I do need finite sampling times elsewhere, I have tried this and it works great. Obviously I just make sure that my short looping pattern ends in a safe state and all is good. However I do also need a continuous pattern that will be run during manual test operation and needs to be started and stopped asynchronously by something like pressing a SW button.

 

For my application a typical command state lasts 10's of uS. I did try option 2 and this gives me a fixed @50mS unsafe state at the end of my pattern, this is an issue for me as this will cause my DUT to overcurrent and shutdown, as an unsafe state is only allowed to exist for 100's of uS max.

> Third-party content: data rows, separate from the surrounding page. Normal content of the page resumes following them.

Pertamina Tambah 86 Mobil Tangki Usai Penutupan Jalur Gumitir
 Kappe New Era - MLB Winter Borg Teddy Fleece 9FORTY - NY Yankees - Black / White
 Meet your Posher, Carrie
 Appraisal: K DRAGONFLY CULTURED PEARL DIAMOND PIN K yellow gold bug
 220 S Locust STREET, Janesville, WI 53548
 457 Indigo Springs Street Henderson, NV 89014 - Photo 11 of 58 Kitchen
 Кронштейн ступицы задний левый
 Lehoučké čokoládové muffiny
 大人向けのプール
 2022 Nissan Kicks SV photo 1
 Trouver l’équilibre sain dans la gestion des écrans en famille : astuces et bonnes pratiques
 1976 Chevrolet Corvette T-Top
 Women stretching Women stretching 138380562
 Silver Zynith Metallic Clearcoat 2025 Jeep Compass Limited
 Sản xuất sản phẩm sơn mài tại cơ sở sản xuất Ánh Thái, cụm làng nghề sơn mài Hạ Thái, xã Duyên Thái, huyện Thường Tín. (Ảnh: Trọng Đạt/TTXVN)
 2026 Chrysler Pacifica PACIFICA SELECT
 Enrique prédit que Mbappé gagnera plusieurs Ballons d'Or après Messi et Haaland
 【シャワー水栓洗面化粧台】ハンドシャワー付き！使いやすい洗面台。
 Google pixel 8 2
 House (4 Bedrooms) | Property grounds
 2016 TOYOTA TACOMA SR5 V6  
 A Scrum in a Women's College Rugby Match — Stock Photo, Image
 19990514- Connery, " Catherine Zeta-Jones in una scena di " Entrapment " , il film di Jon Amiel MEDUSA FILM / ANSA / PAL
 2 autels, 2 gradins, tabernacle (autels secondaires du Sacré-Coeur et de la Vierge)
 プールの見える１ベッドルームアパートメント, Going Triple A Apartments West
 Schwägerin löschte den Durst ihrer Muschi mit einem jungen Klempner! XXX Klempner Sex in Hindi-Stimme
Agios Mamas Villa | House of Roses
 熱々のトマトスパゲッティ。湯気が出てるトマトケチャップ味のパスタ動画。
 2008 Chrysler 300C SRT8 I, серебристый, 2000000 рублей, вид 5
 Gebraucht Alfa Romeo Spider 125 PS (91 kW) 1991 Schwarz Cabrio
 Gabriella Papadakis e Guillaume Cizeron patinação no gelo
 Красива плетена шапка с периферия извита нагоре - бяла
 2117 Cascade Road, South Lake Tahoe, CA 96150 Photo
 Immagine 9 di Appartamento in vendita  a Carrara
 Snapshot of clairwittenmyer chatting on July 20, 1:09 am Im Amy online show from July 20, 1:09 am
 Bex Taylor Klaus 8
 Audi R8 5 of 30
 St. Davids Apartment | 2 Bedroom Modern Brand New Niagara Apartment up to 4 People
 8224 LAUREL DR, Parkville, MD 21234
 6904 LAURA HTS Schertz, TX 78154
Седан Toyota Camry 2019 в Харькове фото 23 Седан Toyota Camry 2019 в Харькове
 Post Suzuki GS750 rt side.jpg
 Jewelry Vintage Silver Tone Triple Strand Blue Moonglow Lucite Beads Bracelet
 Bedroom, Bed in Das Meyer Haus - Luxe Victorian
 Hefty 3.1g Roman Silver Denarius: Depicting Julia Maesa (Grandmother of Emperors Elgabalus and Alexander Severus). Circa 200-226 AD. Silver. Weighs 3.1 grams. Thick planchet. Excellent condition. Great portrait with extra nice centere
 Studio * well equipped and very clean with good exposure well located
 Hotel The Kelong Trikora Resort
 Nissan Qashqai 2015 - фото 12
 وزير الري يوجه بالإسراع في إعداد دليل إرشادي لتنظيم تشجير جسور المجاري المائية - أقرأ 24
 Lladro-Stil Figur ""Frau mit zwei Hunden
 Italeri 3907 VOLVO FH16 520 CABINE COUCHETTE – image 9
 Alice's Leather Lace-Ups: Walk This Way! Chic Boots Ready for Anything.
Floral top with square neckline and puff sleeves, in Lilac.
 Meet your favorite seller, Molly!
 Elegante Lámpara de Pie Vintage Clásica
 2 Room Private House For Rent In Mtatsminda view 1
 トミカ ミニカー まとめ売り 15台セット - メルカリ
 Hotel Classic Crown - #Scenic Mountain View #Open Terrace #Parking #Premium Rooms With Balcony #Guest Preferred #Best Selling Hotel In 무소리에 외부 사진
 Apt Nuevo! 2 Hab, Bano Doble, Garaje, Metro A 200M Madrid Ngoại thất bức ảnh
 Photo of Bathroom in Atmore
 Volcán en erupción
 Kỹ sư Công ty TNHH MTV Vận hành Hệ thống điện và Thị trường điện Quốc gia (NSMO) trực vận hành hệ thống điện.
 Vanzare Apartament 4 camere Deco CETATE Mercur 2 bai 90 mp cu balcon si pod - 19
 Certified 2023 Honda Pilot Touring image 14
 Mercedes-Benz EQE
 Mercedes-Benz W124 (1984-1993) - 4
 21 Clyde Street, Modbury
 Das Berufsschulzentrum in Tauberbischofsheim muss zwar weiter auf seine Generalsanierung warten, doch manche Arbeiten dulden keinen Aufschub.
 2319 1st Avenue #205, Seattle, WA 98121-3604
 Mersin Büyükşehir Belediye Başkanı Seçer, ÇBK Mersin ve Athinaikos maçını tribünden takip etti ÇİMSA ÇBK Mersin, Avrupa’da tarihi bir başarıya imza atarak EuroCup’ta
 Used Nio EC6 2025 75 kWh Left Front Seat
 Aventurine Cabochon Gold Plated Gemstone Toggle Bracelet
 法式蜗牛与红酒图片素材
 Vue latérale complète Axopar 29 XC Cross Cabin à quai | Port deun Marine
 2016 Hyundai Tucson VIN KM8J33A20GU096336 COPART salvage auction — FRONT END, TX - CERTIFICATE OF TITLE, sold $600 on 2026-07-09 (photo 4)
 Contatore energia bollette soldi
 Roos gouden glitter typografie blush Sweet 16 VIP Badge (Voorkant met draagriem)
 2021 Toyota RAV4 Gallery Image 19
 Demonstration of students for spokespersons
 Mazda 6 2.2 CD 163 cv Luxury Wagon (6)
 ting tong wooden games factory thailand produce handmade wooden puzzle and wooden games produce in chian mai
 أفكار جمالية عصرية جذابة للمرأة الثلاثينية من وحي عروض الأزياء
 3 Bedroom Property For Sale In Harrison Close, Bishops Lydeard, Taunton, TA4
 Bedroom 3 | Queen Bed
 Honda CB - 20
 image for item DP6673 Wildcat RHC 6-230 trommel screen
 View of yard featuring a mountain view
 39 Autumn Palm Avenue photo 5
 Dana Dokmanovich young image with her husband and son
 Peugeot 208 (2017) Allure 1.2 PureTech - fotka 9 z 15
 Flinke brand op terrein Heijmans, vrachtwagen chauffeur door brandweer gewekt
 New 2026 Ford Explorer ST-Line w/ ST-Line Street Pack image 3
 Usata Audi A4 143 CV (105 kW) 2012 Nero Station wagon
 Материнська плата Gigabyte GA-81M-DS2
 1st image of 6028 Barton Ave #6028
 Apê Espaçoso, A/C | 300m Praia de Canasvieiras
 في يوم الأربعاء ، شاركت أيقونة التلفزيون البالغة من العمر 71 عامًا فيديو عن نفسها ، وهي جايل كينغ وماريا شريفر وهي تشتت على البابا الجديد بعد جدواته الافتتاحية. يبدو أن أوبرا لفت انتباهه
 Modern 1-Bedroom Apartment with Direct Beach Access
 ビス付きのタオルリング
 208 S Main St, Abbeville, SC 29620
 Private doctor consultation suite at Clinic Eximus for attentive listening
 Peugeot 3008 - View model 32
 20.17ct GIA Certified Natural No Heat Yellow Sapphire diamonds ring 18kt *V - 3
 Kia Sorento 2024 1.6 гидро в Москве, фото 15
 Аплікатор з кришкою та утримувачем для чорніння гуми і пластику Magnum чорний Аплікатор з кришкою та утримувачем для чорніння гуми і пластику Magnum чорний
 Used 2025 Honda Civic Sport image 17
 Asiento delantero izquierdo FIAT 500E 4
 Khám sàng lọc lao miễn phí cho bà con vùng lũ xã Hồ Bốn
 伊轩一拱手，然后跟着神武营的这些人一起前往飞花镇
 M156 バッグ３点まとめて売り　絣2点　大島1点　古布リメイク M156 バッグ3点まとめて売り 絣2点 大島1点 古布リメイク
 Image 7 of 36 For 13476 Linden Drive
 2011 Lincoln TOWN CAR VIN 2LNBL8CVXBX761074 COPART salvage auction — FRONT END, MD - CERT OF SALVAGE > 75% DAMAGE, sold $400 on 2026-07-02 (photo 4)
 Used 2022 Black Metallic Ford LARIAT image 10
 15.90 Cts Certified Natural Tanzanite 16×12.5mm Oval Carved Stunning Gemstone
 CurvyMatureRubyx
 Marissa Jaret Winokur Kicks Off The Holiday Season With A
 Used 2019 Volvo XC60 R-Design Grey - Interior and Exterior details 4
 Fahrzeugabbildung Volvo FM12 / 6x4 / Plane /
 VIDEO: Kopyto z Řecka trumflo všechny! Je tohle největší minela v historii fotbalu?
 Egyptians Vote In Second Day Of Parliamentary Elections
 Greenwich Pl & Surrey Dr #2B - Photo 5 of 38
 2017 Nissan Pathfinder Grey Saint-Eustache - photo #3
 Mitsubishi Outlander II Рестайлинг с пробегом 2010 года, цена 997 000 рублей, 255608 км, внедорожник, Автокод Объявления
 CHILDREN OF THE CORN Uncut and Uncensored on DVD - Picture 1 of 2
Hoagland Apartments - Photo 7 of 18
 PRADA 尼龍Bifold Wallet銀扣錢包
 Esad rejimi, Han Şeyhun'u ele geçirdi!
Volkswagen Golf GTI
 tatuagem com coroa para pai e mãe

I figured that maybe it was the regeneration/use of board memory that made a configurable interrupt not possible. I am guessing that it wont be possible to run at xMHz to feed the buffer with regeneration off, although I may have a bash and see what it can do (although my states last 10's of uS, I need a resolution that is in the fractional uS, so am currently using a 10MHz clock). 

I was kind of hoping there might me a Stop trigger or something similar, as I found Start trigger functions in the manual but I am guessing maybe this isn't a thing as I haven't come across it.

 

What do you think about creating an asynchronous output on a separate DAQ DO port (I assume I can do that while the HW timed stuff runs) and use this and some HW logic to enable/disable the HW timed patterns via a SW pushbutton, followed by a "Stop DAQmx task"?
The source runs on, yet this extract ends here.